In today's lecture, first we continue our discussion about the
space-bounded nondeterminism. We show that most of such classes are
closed under complements. Then we give a short description of oracle
turing machines and notion of relativisation, and talk about the
limitation of such property, which gives us a sense that why the \P vs
\NP question is so hard to settle.
\section{Space-bounded Nondeterminism}
For any complexity class $C$, we let $coC$ be the class of complements
of sets in $C$, i.e. $coC = \{L | \overline{L} \in C\}$. Deterministic
complexity classes are closed under complementation, while this is not
always true for undeterministic cases. For example, the relation
between \NP and \hbox{coNP} is still a open question left to us.
However, if we consider the nondeterministic space-bounded classes $C$,
the following theorem shows that $C$ and $coC$ are actually same.
\begin{theorem}[Immerman-Szlepcsenyi theorem]
$\nspace(s(n)) = \conspace(s(n))$ for all $s(n) \geq \log{n}$.
\end{theorem}
\begin{proof}
We need to show that for any $L \in \nspace(s(n))$, there exist
a NTM that computes $\overline{L}$. Recall that to compute
$\overline{L}$ is to check if all computation paths start from
$\alpha_0$ (the initial configuration) lead to rejection.
We define a predicate $reach(\alpha, \beta, k)$, here $\alpha$ and
$\beta$ are both configurations and $k$ is an integer. $reach(\alpha,
\beta, k)$ means that $\beta$ is reachable from $\alpha$ in at most
$k$ steps, that is, that there exist a sequence $\alpha = \alpha_0,
\alpha_1, \ldots, \alpha_{k-1}, \alpha_k = \beta$, where $\alpha_{i-1}
\rightarrow \alpha_i$ or $\alpha_{i-1} = \alpha_i$ for each $i = 1, 2,
\ldots, k$. First we show that there exist a NTM which can computes
$reach(\alpha, \beta, k)$ in space $O(s(n) + \log{k})$.
\begin{claim}
$reach(\alpha, \beta, k)$ can be tested in $\nspace(s(n) + \log{k})$.
\end{claim}
\begin{proof}
The NTM $M$ does the following: Let $\gamma_0 = \alpha$. For each $i
= 1, 2, \ldots, k-1$. $M$ guesses a configuration $\gamma_i$ and
verifies that $\gamma_{i-1} \rightarrow \gamma_i$ or $\gamma_{i-1} =
\gamma_i$. If the test fails at some step, $M$ refect. Finally $M$
verifies that $\gamma_{k-1} = \beta$ and accepts if it holds.
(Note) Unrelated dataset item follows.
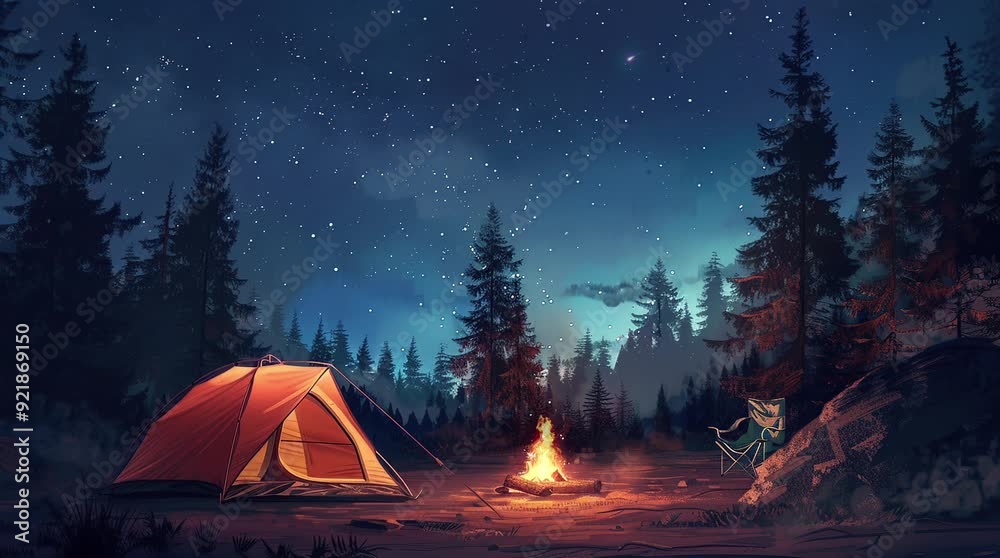 Tent and bonfire in a forest camping landscape, creating a cozy and adventurous outdoor scene
Seamless looping 4k time-lapse virtual video animation Generated AI Tent and bonfire in a forest camping landscape, creating a cozy and adventurous outdoor scene
Seamless looping 4k time-lapse virtual video animation Generated AI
It's easy to see that $M$ accepts $(\alpha, \beta, k)$ if and only
if $reach(\alpha, \beta, k)$. Storing the current configuration
$\gamma_i$ costs $O(s(n))$ space, and the counter of $i$ costs
$O(\log{k})$ space. So $M$ uses space $O(s(n) + \log{k})$.
\end{proof}
Having this problem solved, we can now use it as a subroutine to solve
other problems. The next task would be constructing another NTM $M_1$
which computes $N_k$, the number of configurations reachable from a
given configuration $\alpha$ in no more than $k$ steps, using space
$O(s(n) + \log{k})$.
We let $M_1$ computes $N_1, N_2, \ldots, N_k$ one by one. First we
know $N_0 = 1$ ($\alpha$ is the only reachable configuration). Now
assume we have $N_{k-1}$ (induction) and want to compute $N_k$. In
order to do this, let $M_1$ runs the following procedure:
\begin{algorithmic}
\STATE $N_k \leftarrow 0$
\FORALL{configuration $\beta$}
\STATE $\tau_{\beta} \leftarrow \FALSE$
\FOR{$i = 1$ to $N_{k-1}$}
\STATE Guess a configuration $\delta_i$.
\STATE Verify $reach(\alpha, \delta_i, k-1)$.
\STATE Verify $\delta_i \rightarrow \beta$ or $\delta_i = \beta$.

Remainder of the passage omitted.